(Stored records)
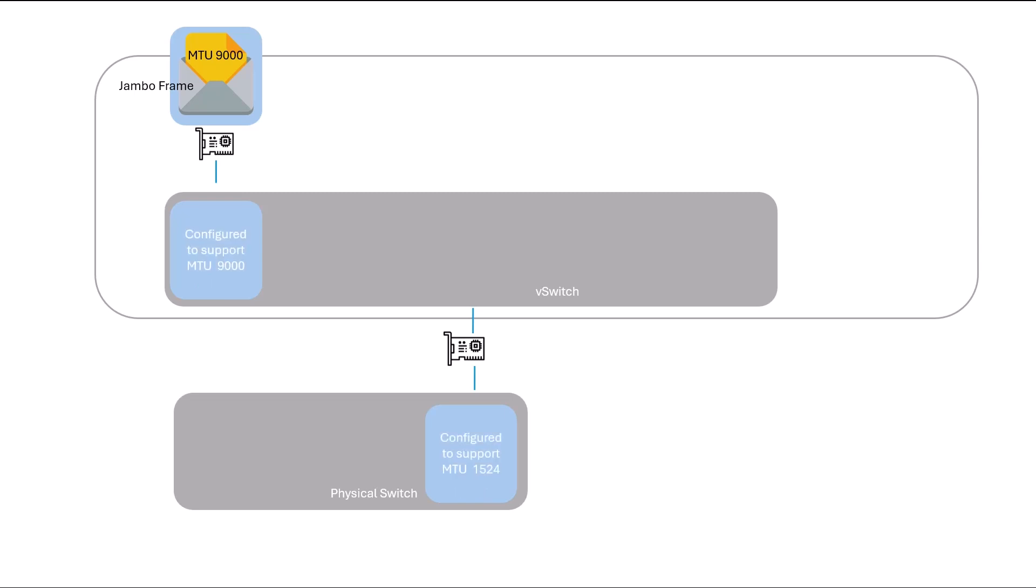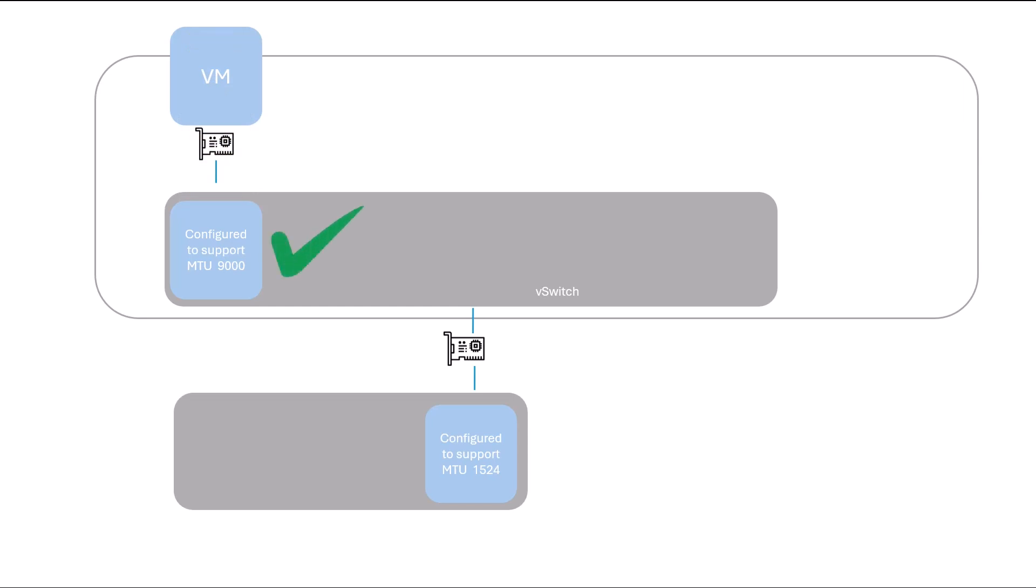For example, if a VM sends a Jumbo frame, our VMware switch can support it. Our VMware standard switch is configured to support an MTU of 9000, but our physical switch is configured with an MTU of 1524. This means the VMware standard switch and the physical switch MTU values are not consistently configured.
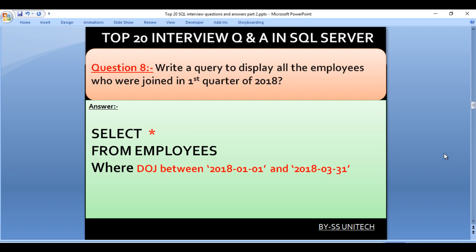Write a query to display all the employees who joined in the first quarter of 2018. Our query would be SELECT * FROM employees WHERE date_of_joining BETWEEN '2018-01-01' AND '2018-03-31', which covers the first and last day of Q1.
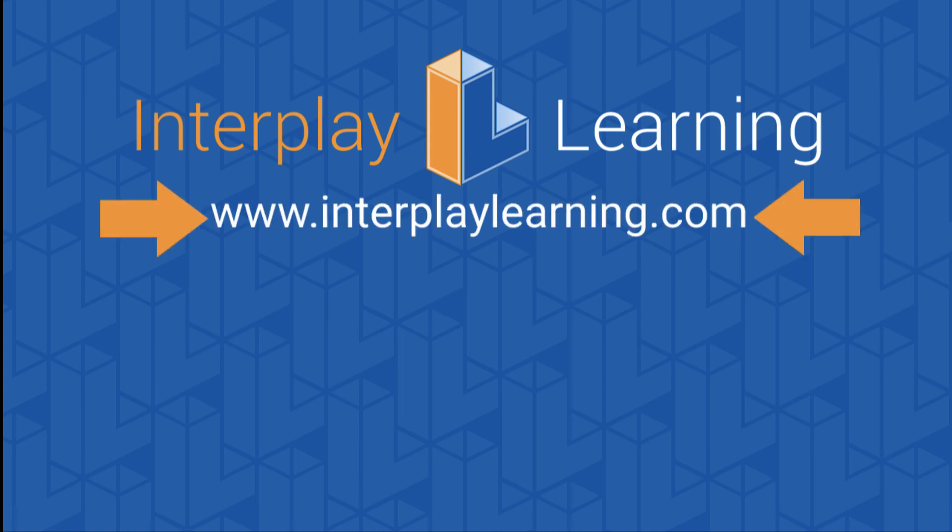To learn more about how the STP provides critical team training and helps you build an onboarding program at your company, please go to interplaylearning.com.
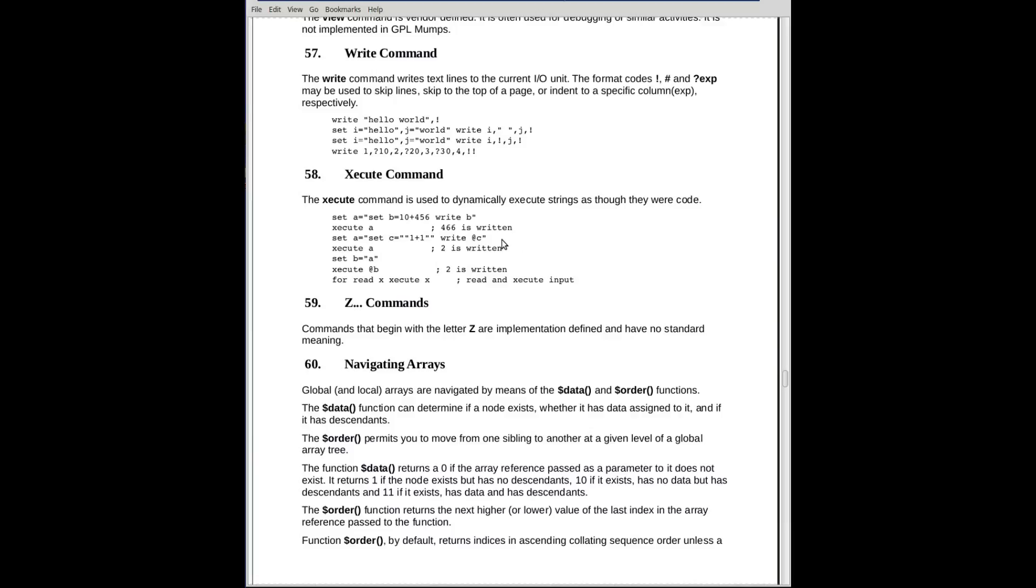They're slightly different. The indirection operator, the at sign, is used in expressions, whereas the execute command is used to execute entire lines, which may contain execute commands and indirection. So when we execute A, 2 gets written out. Because what we're really executing is set C is equal to the string 1 plus 1, and then we're saying write out the value of 1 plus 1. At C causes that to be inserted there and executed, as though 1 plus 1 had been there, and of course we'll see 2.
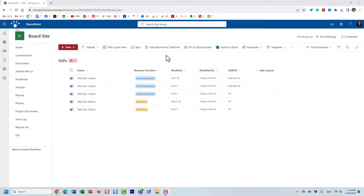Hello, this is Greg from SharePoint Maven, and in today's quick video I will show you one thing that will help you if you are into creating your own managed properties and mapping them to crawl properties in SharePoint Online. I actually recorded a separate video on managed versus crawl properties — this is really just for situations when you're trying to build custom, more advanced search experiences.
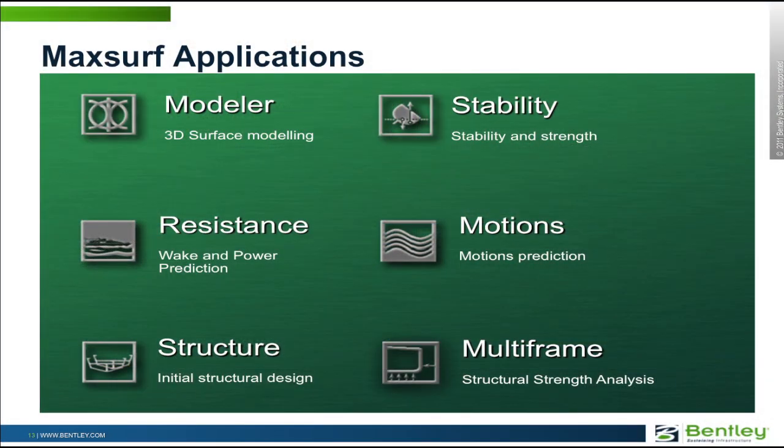Finally, let's look at our couple of structural modules, MaxSurf Structure for initial structural definition and Multi-frame for structural strength analysis using beam and plate theory.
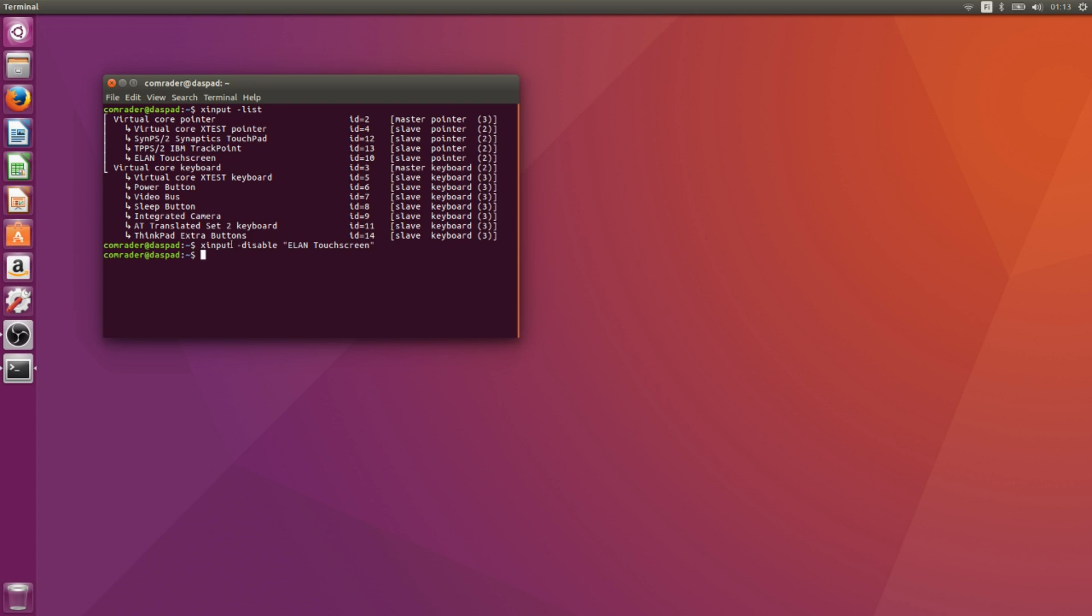So we're going to have to add this to either a xorg.conf file or we'll just add it to the startup applications.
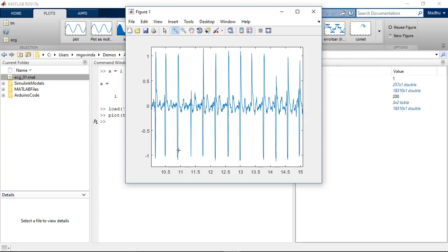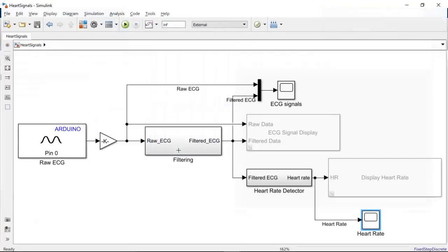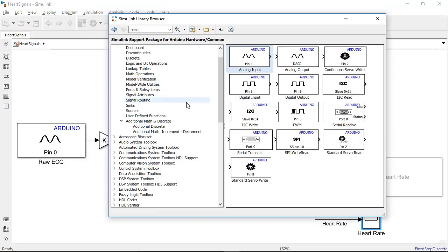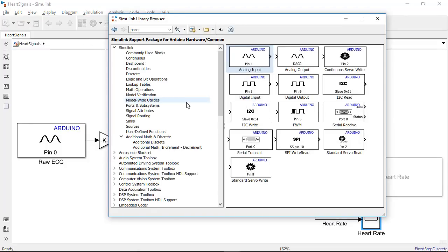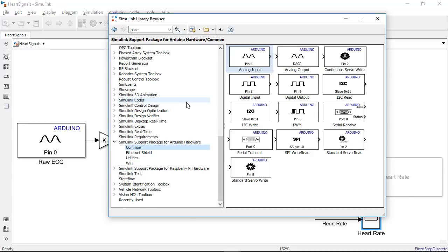Now let me introduce Simulink and show how I was able to test the algorithms on the Arduino. Simulink is a graphical programming environment which has libraries. These libraries have blocks that can be used to model and simulate dynamic systems, and you can also use them to develop embedded algorithms.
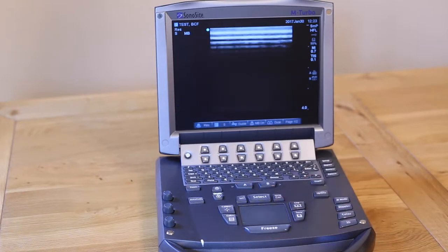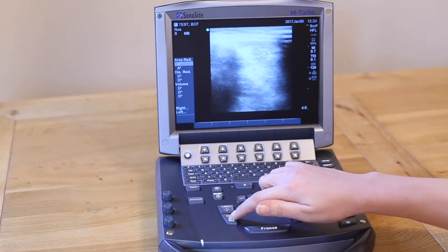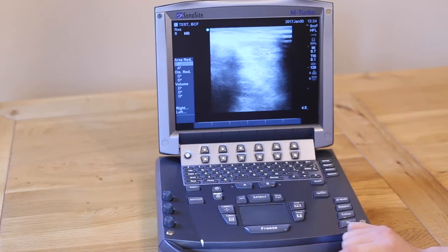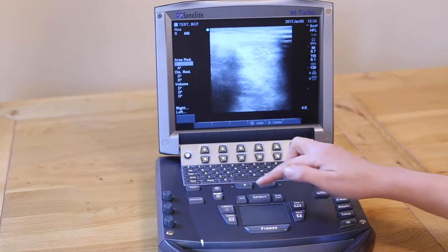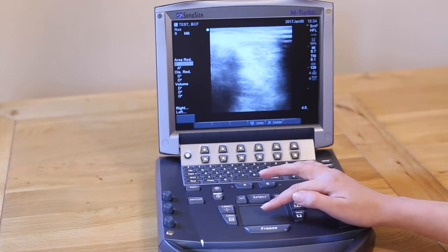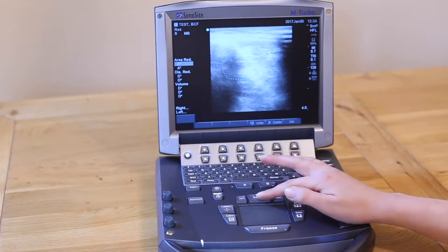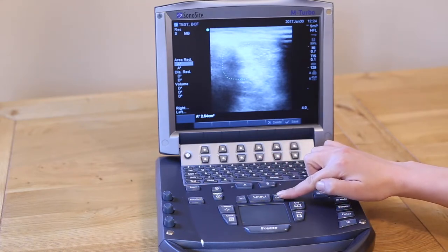Remember to save any measurements on your image before unfreezing if you would like to keep them. If you press Calcs when your screen is frozen, you can calculate the percentage difference between the area of two shapes or between the distance of two lines. Press Calcs, then use the Select button to choose Area 1. Press Select to place your first caliper. Then trace around your tendon and press Select again to place your second caliper. Next, press Save Calc, which is located to the right of the Select button.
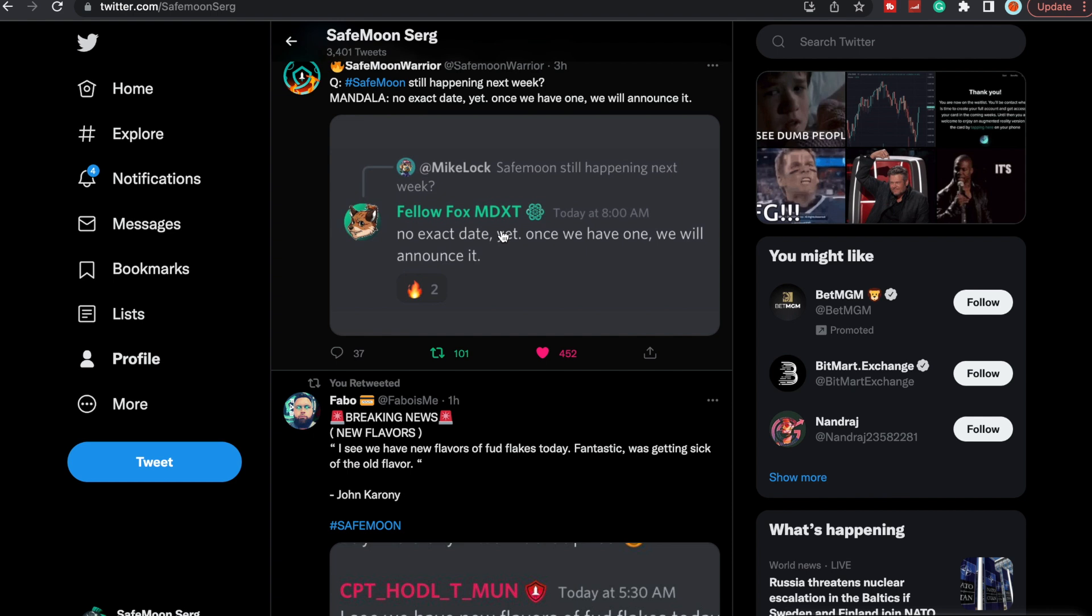Simply because of the fact that their target date was mid-April, but I could see them just kind of pushing it off a little bit longer. And I know people don't like to hear that, but then again, it is just the beginning of Q2. We are getting the SafeMoon card. The waitlist has already been put out, so I'm very excited.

### EXERCISE AIM
From the first line to the last, copy the records exactly and skip the pictures.

### SOLVED EXERCISE
For example, if a VM sends a Jumbo frame, our VMware switch can support it. Our VMware standard switch is configured to support an MTU of 9000, but our physical switch is configured with an MTU of 1524. This means the VMware standard switch and the physical switch MTU values are not consistently configured.
Write a query to display all the employees who joined in the first quarter of 2018. Our query would be SELECT * FROM employees WHERE date_of_joining BETWEEN '2018-01-01' AND '2018-03-31', which covers the first and last day of Q1.
To learn more about how the STP provides critical team training and helps you build an onboarding program at your company, please go to interplaylearning.com.
They're slightly different. The indirection operator, the at sign, is used in expressions, whereas the execute command is used to execute entire lines, which may contain execute commands and indirection. So when we execute A, 2 gets written out. Because what we're really executing is set C is equal to the string 1 plus 1, and then we're saying write out the value of 1 plus 1. At C causes that to be inserted there and executed, as though 1 plus 1 had been there, and of course we'll see 2.
Hello, this is Greg from SharePoint Maven, and in today's quick video I will show you one thing that will help you if you are into creating your own managed properties and mapping them to crawl properties in SharePoint Online. I actually recorded a separate video on managed versus crawl properties — this is really just for situations when you're trying to build custom, more advanced search experiences.
Finally, let's look at our couple of structural modules, MaxSurf Structure for initial structural definition and Multi-frame for structural strength analysis using beam and plate theory.
So we're going to have to add this to either a xorg.conf file or we'll just add it to the startup applications.
Now let me introduce Simulink and show how I was able to test the algorithms on the Arduino. Simulink is a graphical programming environment which has libraries. These libraries have blocks that can be used to model and simulate dynamic systems, and you can also use them to develop embedded algorithms.
Remember to save any measurements on your image before unfreezing if you would like to keep them. If you press Calcs when your screen is frozen, you can calculate the percentage difference between the area of two shapes or between the distance of two lines. Press Calcs, then use the Select button to choose Area 1. Press Select to place your first caliper. Then trace around your tendon and press Select again to place your second caliper. Next, press Save Calc, which is located to the right of the Select button.
Simply because of the fact that their target date was mid-April, but I could see them just kind of pushing it off a little bit longer. And I know people don't like to hear that, but then again, it is just the beginning of Q2. We are getting the SafeMoon card. The waitlist has already been put out, so I'm very excited.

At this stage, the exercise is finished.